Show transcript [en]

Okay, we'll get started everyone. Um, so I'd like to introduce Steven Doyle with Build Your Own Threat Intelligence. Thank you, Stephen. >> Thank you. >> I just gave away the first few slides. Can you hear me? Okay, >> perfect. So, this is me and all my personalities. I ride motorbikes. This is me after a 10-day motorbike tour. That face is priceless. I love it. This is me and my new duck lips. This is me all the other time. I've worked in this place called Crowd Strike or Strike Crowd I believe was the last talk. Synopsis and Smith Group doing incident response security engineering and insider threat. I kind of got bored of working for other

people. This man who's not unfortunately here worked with me. Don't laugh, please. In all three of these places. And today, in all honesty, would have been the first time we ever met. So, I'm kind of disappointed he stood me up again. So, I decided I'd create a logo, create a website, call myself a founder because that's the cool thing to do these days. And if you can't tell, I've got some undiagnosed whatever. So, I'm not very commercially focused. So, I'm not a big fan of selling. So, I said, you know what? We'll call it open source. Make life easy. This is kind of the premise into our talk. I have a stick somewhere and a

chip on my shoulder when it comes to threat intelligence vendors, the procurement, the life cycle, and ultimately me being the end user having to deal with the output. What annoys me? People. Don't laugh. They're smiling. Okay. So depressing. [laughter] Um about threat intelligence in particular. No surprise. Sales, marketing, commercialization. We work in a security industry. I personally don't believe there's any room for ambiguity or confusing terms or making our job easier. or somebody coming in a year going do you do indicators of future attack we do IoC's zero day threat intelligence I'm going to look at wilco here because I kind of have my tail between my legs next gen so sucks the problem with nextgen is what happens

when the next gen comes out like oh last gen so suck thanks wo AI powered whatever I don't need to do that. This one is honestly where I ruffle the most feathers. I have logic behind it. I'm actually doing a talk on it.

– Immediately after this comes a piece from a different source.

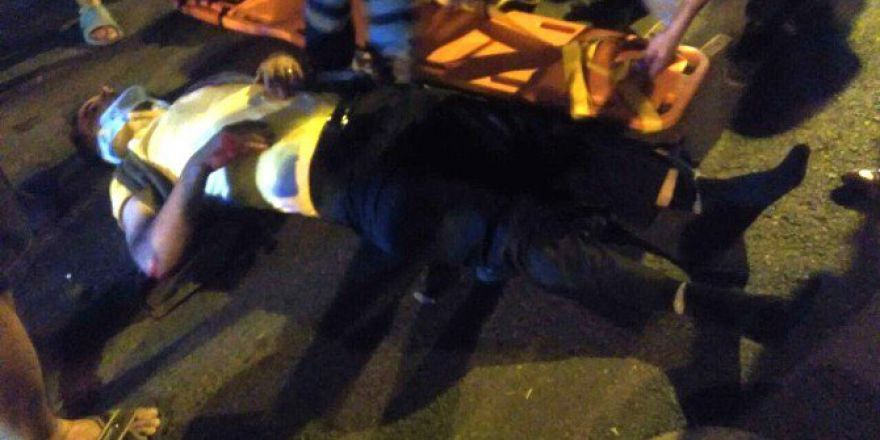 Otomobil İle Elektrikli Bisiklet Çarpıştı: 2 Yaralı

Why do we need to say actionable threat intelligence? And the most argument I get here is, "Oh, well, we're just not going to action it today. We'll do it next week. We'll do it tomorrow." Okay. strategic threat intelligence, operational, tactical. If it's not actionable, in my view, it's data, not intelligence. I don't know if you can see the part at the bottom. If you can't, don't worry. Thanks Mom. So, what's threat intelligence? My definition, threat intelligence is actionable data. So actionable threat intelligence must be actionable actionable data. If I were to get into data versus intelligence, I never started my timer. Minus five. On the left, a lot of you have probably seen if you do brand abuse or monitoring

is a list of newly registered domains pulled from the icon 236,000. Cool. That's data, not intelligence. Here we're looking through the same newly registered domains, but now we're looking for domains that include Binance because let's pretend we're Binance. Still not intelligence. We're scoping our data. This is actionable data or some people call it intelligence. What is it? You have no idea because we've done analysis. Now, this is where the talk begins. It gets technical. I'm going to try make sense, be consistent. It's going to pick up the pace here. We take all of the 230,000 newly registered domains. And then we very simply sandbox them. So, URL scan, I assume everyone's heard of that. Cool. I know you all have. So we'll URL

scan them all. We get new data points. We'll call this enriching or data. And then once we get all of them data points, the next question is okay, more data, scope data, enriched data. How do we make threat intelligence? There's questions that need to be answered. What's a threat? What's a risk to your business? What do you do? Why do you do it? How do you do it? Who do you do it to? So for example, crowd strike synopsis group crowd strike everywhere I worked was internal. I never got a customerf facing job. Make up your own reason why. So crowd strike endpoint edr system level route more than root sorry system level privileges. Solar winds if anyone was unfortunate

enough to deal with that. Okay. Pone crowd strike. We pone the white house. It's not a secret that that it sits in the oval office. Synopsis is the application layer. I know there's some people probably here from Blackduck application layer for a semiconductor industry. I apologize if I get this wrong, but if Nvidia, Apple, Nvidia want to make their new chip. We're going to use Synopsis and we're going to go that's the best way to make that chip. Put transistors on the silicone. Full stop. Again, I apologize if I got that wrong. So okay imagine solar winds before the semiconductor supply chain let's pone synopsis whenever we compile that file for the foundry do that threat actor magic and insert a

hardware back door that's the risk there CME group cyber security vendors now win fintech awards we've threat risk models financial companies so much so I'm not going to get into that but today we're Bance So, we might get into that. And here's some of the risks. Simply put, we're a consumerf facing financial app. Depending on the market and who we are, we're either heavily regulated or heavily unregulated. So, we'll run through this. So, Binance says, "We may have an interest in protecting our users." No problem. We say, "Happy days. Let's build the pipeline, find these malicious campaigns." Then we're all in agreement. Comes the budget. No issues there. Here's your budget, mate. Get to work.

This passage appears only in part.